Mais ce climat de détente, Michel Aoun s'en démarque totalement. À l'occasion de la fête de son saint patron, célébrée en l'église Mar Mikhaël, il s'est déchaîné contre le chef de l'État, le président du Conseil, les ministres de l'Intérieur, de la Défense, de la Justice et de l'Information pour les inviter à se réveiller du sommeil profond où ils seraient plongés ou, sinon, à démissionner. Il a été jusqu'à user de termes pour le moins blessants en assurant, par exemple, que le président de la République ne fait que pleurer.
Ses attaques suscitent, cependant, un premier point d'interrogation politique important. À savoir qu'il semble se positionner, en invitant les responsables à démissionner, contre Hassan Nasrallah, qui souligne son ferme attachement au maintien du gouvernement. En précisant même qu'il faut couper court de suite aux rumeurs ou spéculations sur un prochain départ du cabinet.
Des raisons
Mais pourquoi cette déviation, pour ne pas dire cette dérive, du chef du CPL ? Des sources du 14 Mars l'attribuent aux batailles qu'il livre présentement, non sans difficulté, à propos des dossiers suivants :
- L'arrestation du général Fayez Karam, sur laquelle il a des réserves, en évoquant le rôle de l'unité de renseignements qui serait, selon lui, illégale, voire illégitime. Le général Aoun relève, en outre, que l'on n'a pas pris connaissance de la déposition effectuée par le général Karam ni des informations qu'il a pu apporter. Quoi qu'il en soit, des efforts sont actuellement déployés, indiquent des sources fiables, pour mettre le dossier à l'abri de la médiatisation en vue de classer ensuite l'affaire discrètement.

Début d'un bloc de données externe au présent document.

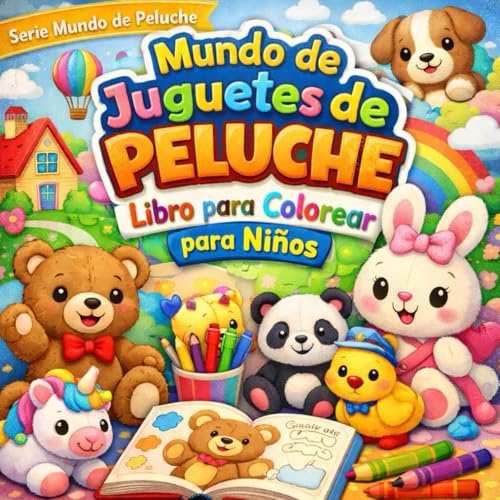 Mundo de JUGUETES de PELUCHE: Libro para Colorear para Niños: Páginas de colorear lindas y divertidas para niños (Mundo de PELUCHE)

- La répartition des rôles politiques. Le Hezbollah joue la détente et le soutien au gouvernement, tandis que Michel Aoun doit entretenir la tension et attaquer le pouvoir. Il rend ainsi doublement service au parti chiite car ce dernier montre une patte encore plus blanche, par contraste avec son allié, aux yeux des décideurs étrangers. Tout en gardant quelqu'un pour attaquer Saad Hariri, que le Hezbollah ne porte quand même pas dans son cœur.
- Le général Aoun doit, par conséquent, s'impliquer dans la polémique sur le désarmement de Beyrouth. Quoi que ressente la population, il ferraille aux côtés du Hezbollah, dont le potentiel se trouverait ciblé. En ajoutant que le but de la campagne de non-violence serait de faire de Beyrouth une ville ouverte aux vents.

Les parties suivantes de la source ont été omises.